Thursday, May 28, 2009

Criminal Shadows


Melissa,

I hope you are enjoying your time away. I promise to take a much needed break at some point, but there is so much happening and I wanted to share some thoughts at the table.

I have gotten news about the premature deaths of two black men I know and admire; one attended my alma mater (Adam Henry '91) and the other was my former colleague who began his academic career with me in the same department (Aime Ellis). Both of these men were wonderful, warm, funny, and well-educated; excelling in their careers and in their relationships with families and friends. They will both be missed.


The lives of these two
real black men stand in direct contrast to the fictional characters who apparently thrive on carjacking innocent victims. Reminiscent of the Susan Smith tragedy, another woman accused two black men of carjacking, abducting her and her daughter, and stuffing the two of them into the trunk of a Cadillac. This report triggered major news coverage as well as an Amber alert in our area. It turns out that the mother had stolen money and fled to Disney.

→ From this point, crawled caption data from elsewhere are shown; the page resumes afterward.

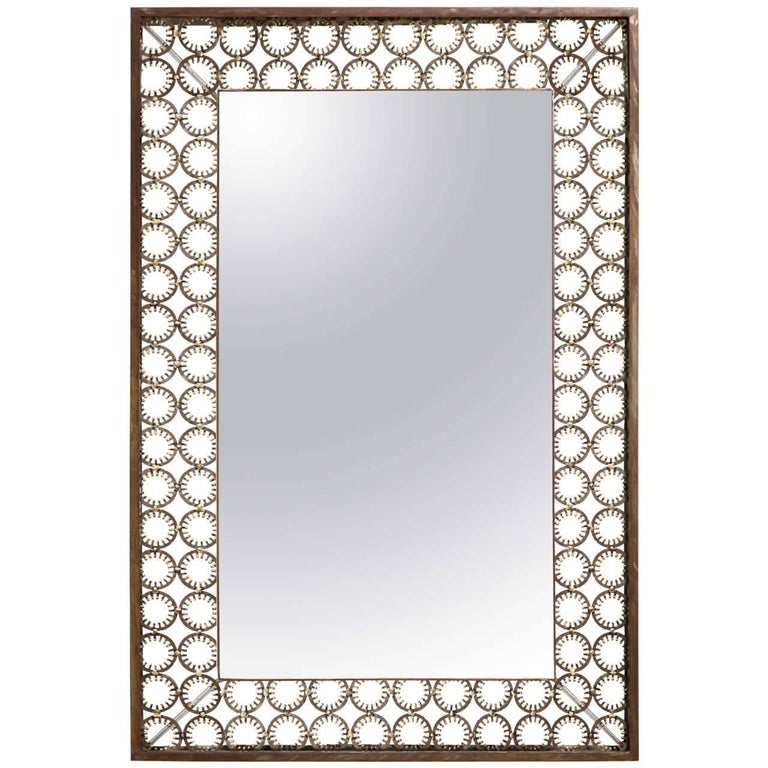 Marie Suri Iron and Bronze Ovation Mirror For Sale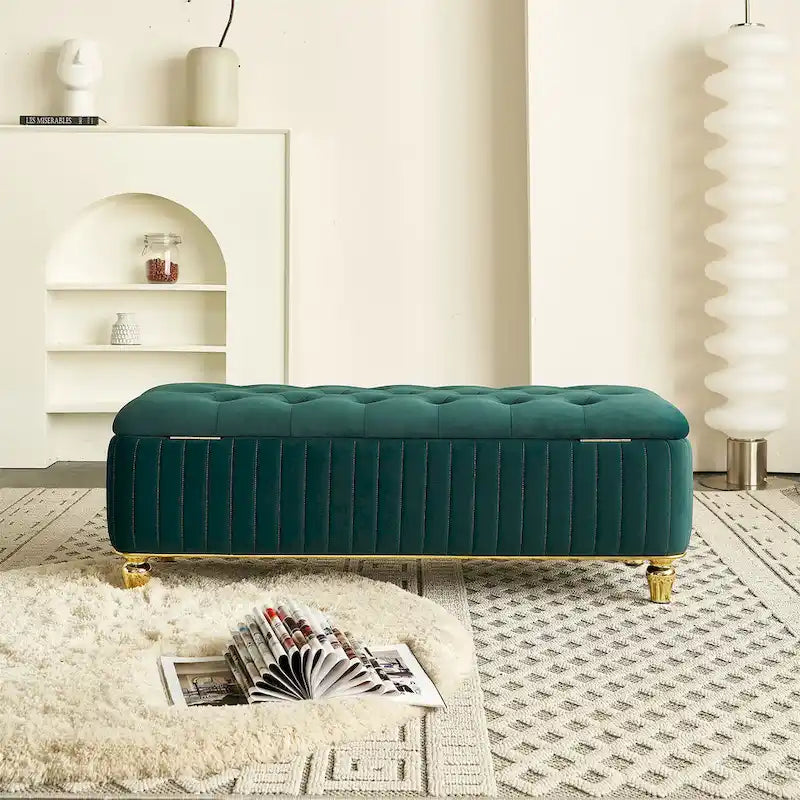 Rectangle Storage Ottoman Bench – Green / Black / Beige, Tufted Velvet, Modern Style, Seats 1–2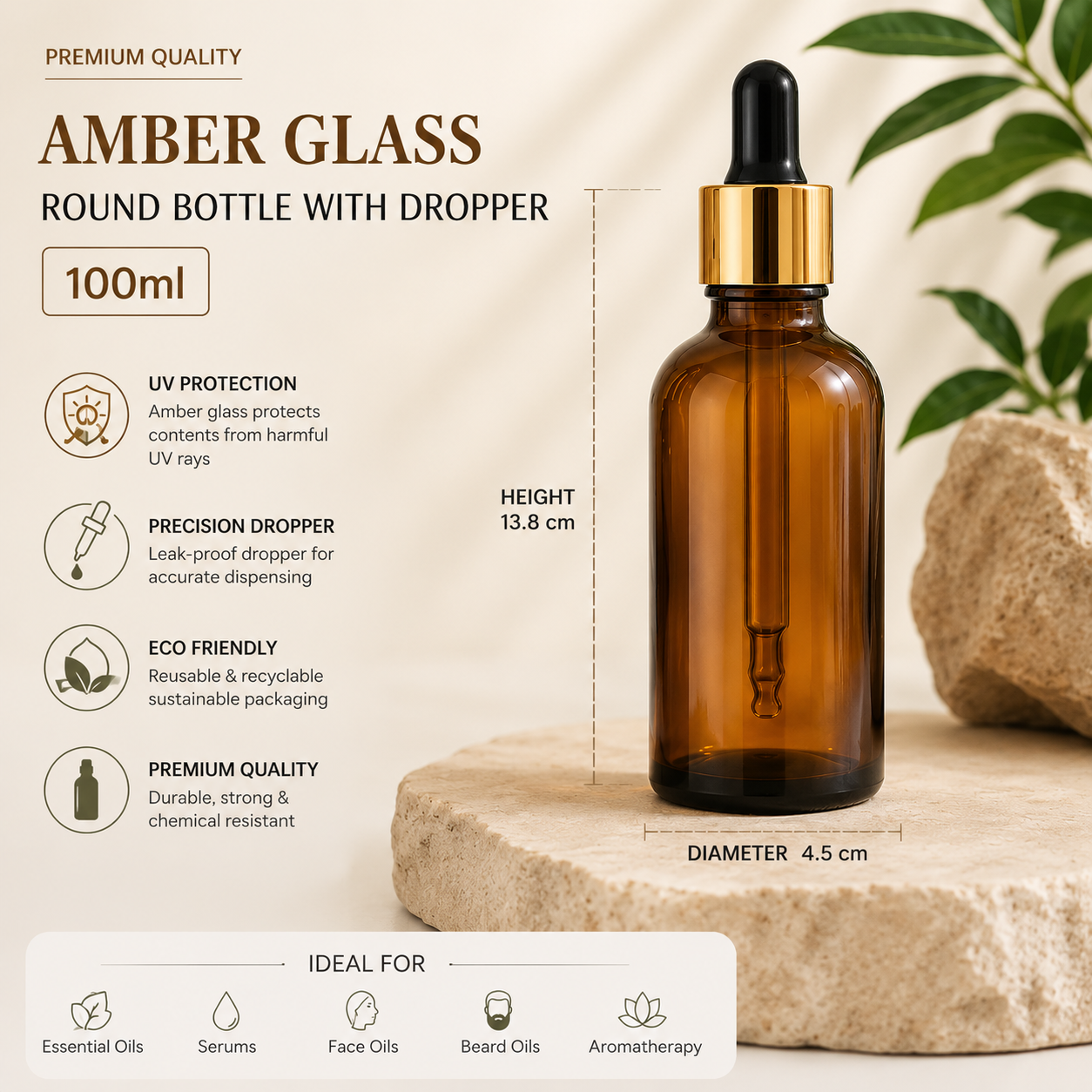 Amber Glass Dropper Bottle | UV Protection for Essential Oils & Serums | 100ml, Black/White/Silver/Gold Dropper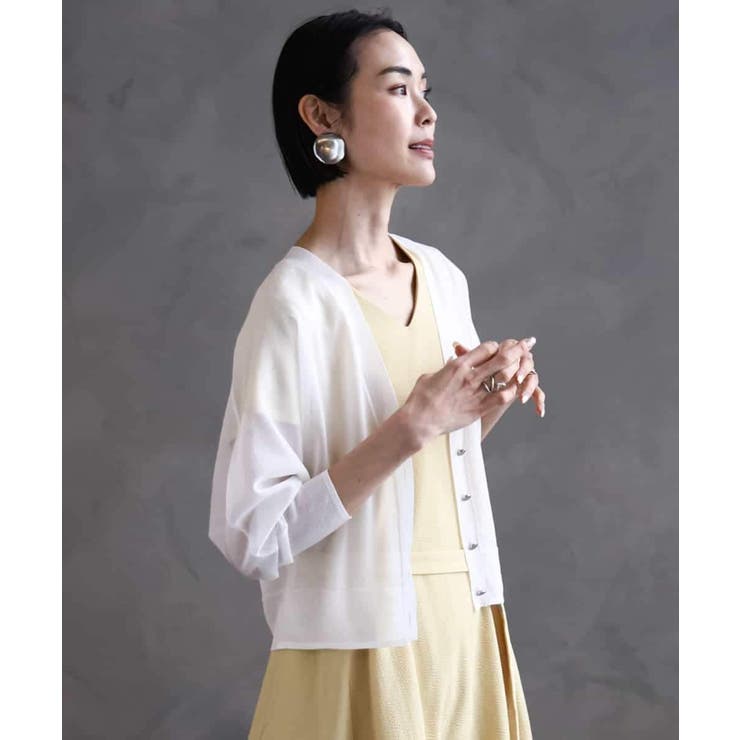 シアーラメVネックカーディガン | MICHEL KLEIN | 詳細画像12 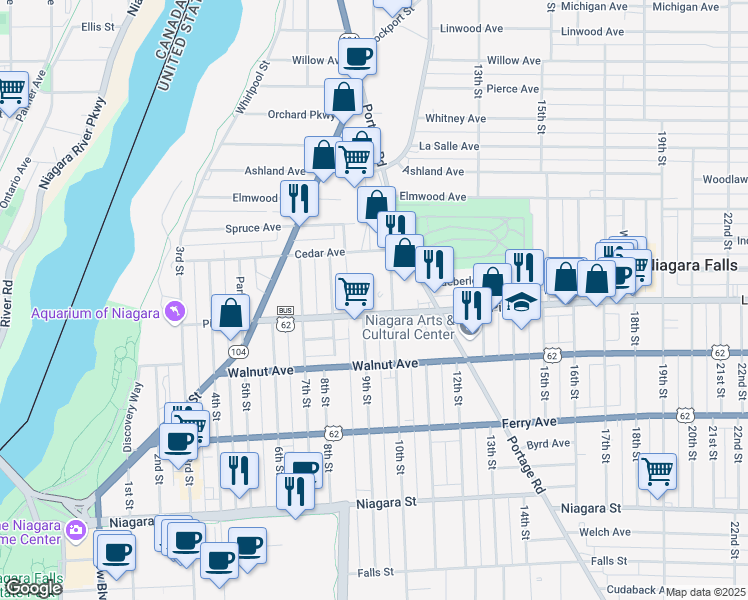 map of restaurants, bars, coffee shops, grocery stores, and more near 720 10th Street in Niagara Falls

I want to talk about our national psyche, the means by which we, as a nation, criminalize black men from birth. It is no accident that either consciously or subconsciously, this woman from Pennsylvania choose two fictitious black male abductors as did her Southern counterpart, Susan Smith. One part of these stories is the anxiety and surveillance these individual accusations trigger; the other part of the story forces us to face our assumptions, stereotypes, and racist characterizations of blackness, and particularly of black manhood.


I am weary of watching our brothers, fathers, sons, husbands, friends being demonized as criminals or potential criminals. How much of our current criminal system represents a self-fulfilling prophecy? In other words, because we expect black men to become criminals, we treat young black boys as potential felons (through racial profiling and educational inequity), and then when
some of them actually do commit crimes, we justify our own racist actions by saying: "I knew that they would be thugs all along."

Melissa, you and I both live in this same small town. As we walk along the main street, I cannot count how many times I have seen an almost life-sized mugshot of a black male face on the local paper, in a report about a crime that has taken place 10-15 miles from our own community. I have yet to see the full page mug-shot of a local white drunken college student who breaks into downtown property during his inebriated state, and that is a crime that occurs regularly in this college town. I have yet to see the full page mug-shot of the white restaurant owner who stole 1.4 million dollars from his investors...another case taking place in our town.


Those faces are "absent" from the criminal enterprise, an enterprise that we assume to be black/brown and male, and increasingly black/brown and female. Why is that? In light of a financial crisis in which shady mortgage lenders (of all races) have bilked people out of billions of dollars, and shady financial investors have straight-up stolen from people's pensions plans, why is the face of a criminal, the real or imagined thug who lurks in the shadows, always a face that looks like mine?